As you can see, soft tissue image guidance does fine in the left-right direction, but not in the other two directions. I think Elekta would have to show that their system performs better than CBCT soft tissue imaging.
Probably none of this is critical for conventional external beam prostate therapy, but now that we are undergoing a shift to moderate and extreme hypofractionation treatment, and very tight margins, every beam has to be well placed. They also have to demonstrate how their system can track intra-fractional motion during SBRT.
What you wrote is true for 2D imaging even in the event of rotating the imaging plane so as to get a 3D-ish solid model derived from a limited number of orthogonal body-sections (certainly not a true 3D scanning). Yet, CT and MRI by small step (SI axis) sampling render a more detailed solid model which more accurately controls the aiming and spatial shaping of the beam.
I do not know about any studies, but I know that "War is father of all and king of all".
I also don't know how many of those treated with RT appreciate that klystrons and magnetrons were initially employed in RADAR systems during WW2.
But, I know that Automatic Target Recognition (ATR) stemmed out of the RADAR technology and found its way to smart missiles concurrently with the first Arab -Israeli war (1967).
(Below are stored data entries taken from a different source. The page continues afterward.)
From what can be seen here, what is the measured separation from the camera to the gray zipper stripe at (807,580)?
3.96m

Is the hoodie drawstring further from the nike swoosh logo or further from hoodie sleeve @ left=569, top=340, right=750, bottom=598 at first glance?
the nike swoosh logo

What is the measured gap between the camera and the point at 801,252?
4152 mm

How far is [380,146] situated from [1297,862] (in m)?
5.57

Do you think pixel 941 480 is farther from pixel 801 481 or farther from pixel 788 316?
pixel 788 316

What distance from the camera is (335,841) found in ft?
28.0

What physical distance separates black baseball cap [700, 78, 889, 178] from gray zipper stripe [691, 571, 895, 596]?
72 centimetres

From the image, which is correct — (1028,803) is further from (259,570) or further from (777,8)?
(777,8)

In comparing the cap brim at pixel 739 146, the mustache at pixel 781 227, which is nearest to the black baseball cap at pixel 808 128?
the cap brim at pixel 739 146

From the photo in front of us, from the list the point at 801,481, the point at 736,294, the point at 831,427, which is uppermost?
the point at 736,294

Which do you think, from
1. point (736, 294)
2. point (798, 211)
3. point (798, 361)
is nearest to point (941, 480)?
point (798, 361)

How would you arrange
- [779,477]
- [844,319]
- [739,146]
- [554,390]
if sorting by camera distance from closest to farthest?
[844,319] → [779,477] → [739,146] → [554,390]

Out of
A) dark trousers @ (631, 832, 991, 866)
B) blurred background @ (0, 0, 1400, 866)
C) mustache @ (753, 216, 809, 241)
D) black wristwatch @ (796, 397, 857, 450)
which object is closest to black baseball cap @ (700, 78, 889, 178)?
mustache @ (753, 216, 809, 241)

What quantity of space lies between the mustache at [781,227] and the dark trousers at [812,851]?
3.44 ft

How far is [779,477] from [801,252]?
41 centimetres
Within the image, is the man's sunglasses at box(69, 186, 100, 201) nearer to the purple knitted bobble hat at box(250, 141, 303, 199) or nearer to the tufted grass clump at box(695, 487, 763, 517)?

Currently, the hottest topic in medicine is machine learning, jointly endeavored by the medical and engineering faculties of top universities around the globe.
And kindly be reminded that 2 decades ago there was this debate related to a human-computer chess match: Could the IBM's Deep Blue beat Garry Casparof?
Today, it has given its place to: Can your HOME PC beat the World's Grandmaster?
Speaking of computers, Turing's electro-mechanical machine at Bletchley Park during WW2 and UNIVAC's machine for US Census Bureau come to mind. Census during the ancient times was intended to check on the citizen's arm carrying capability both in numbers and equipment. The rich had to keep a horse for battle and the very rich to sponsor the build of a sea vessel.